Aber - und warum ich diesen Film so dermaßen zum kotzen finde - Vaughn meint das ja alles eh nicht ernst, es ist nur ein großer Witz, weil die alten Bond-Filme, bei denen er sich deutlich bedient, ja auch alle nur ein großer Witz sind und daher kann er machen was er will, und hat unter dem Deckmantel einer Hommage eine vielseitig einsetzbare "Du kommst aus dem Gefängnis frei"-Karte. Die Schlussszene, in der eine blonde Gefangene den Helden mit Anal-Verkehr belohnen möchte (woraufhin die Kamera ihren nackten Hintern ordentlich ins Zentrum rückt), wäre vermutlich selbst den Austin-Powers-Machern zu blöd gewesen, aber Vaughn meint, es sich erlauben zu können, weil sein Film ja alle drei Minuten in quasi jedem Dialog, wann immer irgendwie möglich, laut für das Publikum ausspricht, dass das alles nicht ernstgemeint ist und nur Spaß machen soll. Nun: Als Zuschauer fühle ich mich da nicht nur veralbert, ich verstehe auch nicht, was irgendwas davon mit den James-Bond-Filmen der Roger Moore Ära zu tun haben soll, denen Vaughn hier angeblich so huldigt. Aber hey: Immerhin hat Vaughn es geschafft, eine "Hommage" zu drehen, die tatsächlich so sexistisch ist, wie es von den 60er Jahre Bonds immer zu Unrecht behauptet wird. Gratulation.

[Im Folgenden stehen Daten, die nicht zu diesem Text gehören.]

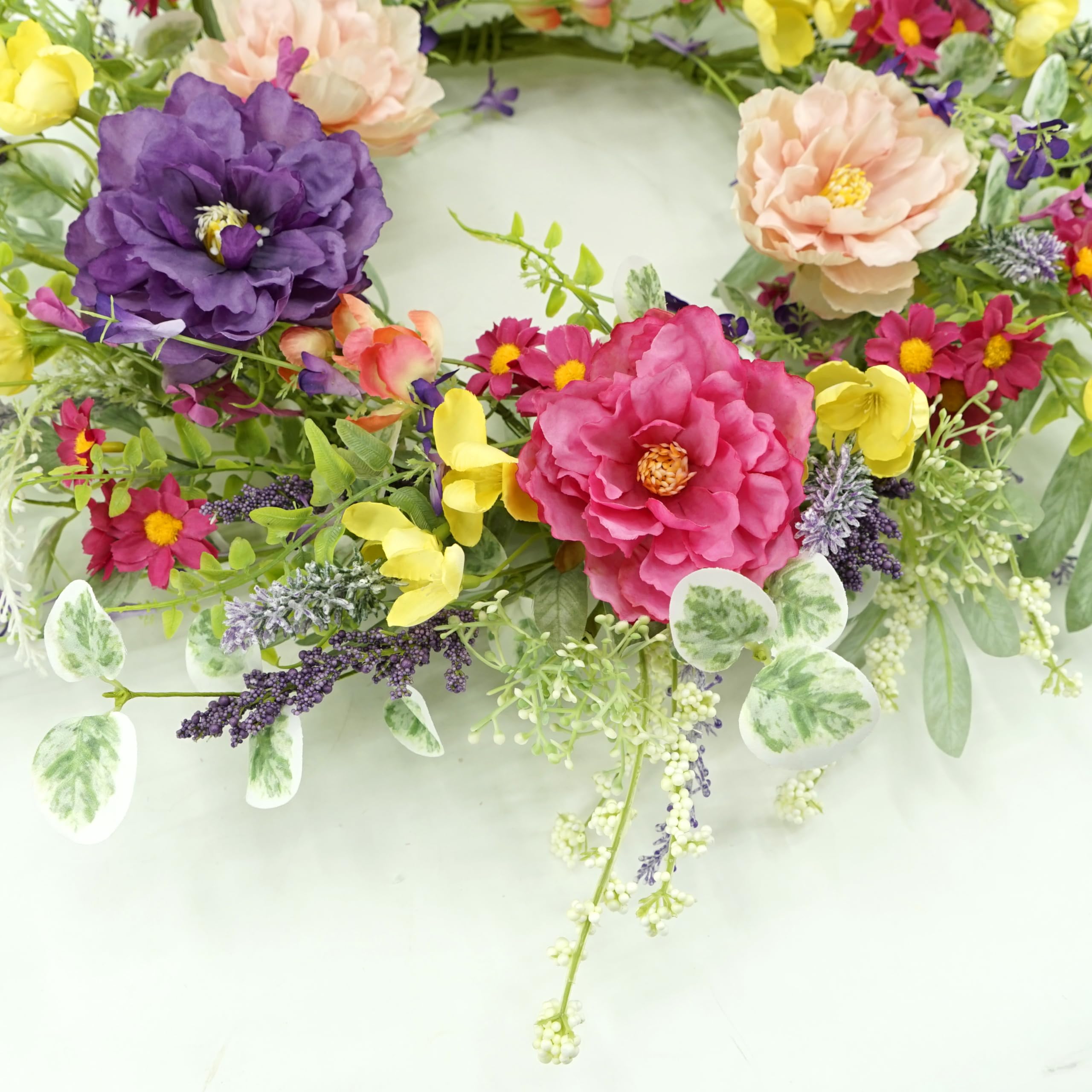WreathDream comparaison taille avec main montrant échelle et proportion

Ansonsten ist das Teil okay, zumindest in der ersten Hälfte, wenn man so eine Art "Young James Bond" meets "X-Men" Mix bekommt, aber schon da bleiben die Teenie-Helden blass, schon da sind die Witze infantil und pubertär, schon da ist die Story eine Ansammlung von absurden Schludrigkeiten, die in Sekundenschnelle in den Dialogen damit entschuldigt werden, dass die Vorbildsfilme auch ihre Macken hatten.
Ich ziehe mehrere Punkte von den früher vergebenen fünf ab und werde die Kingsman zukünftig meiden - wenngleich Vaughn mittlerweile ja bereits schummelt und seine Kingsman Filme als solche nicht mehr zu erkennen gibt. Sagt vermutlich für sich schon alles.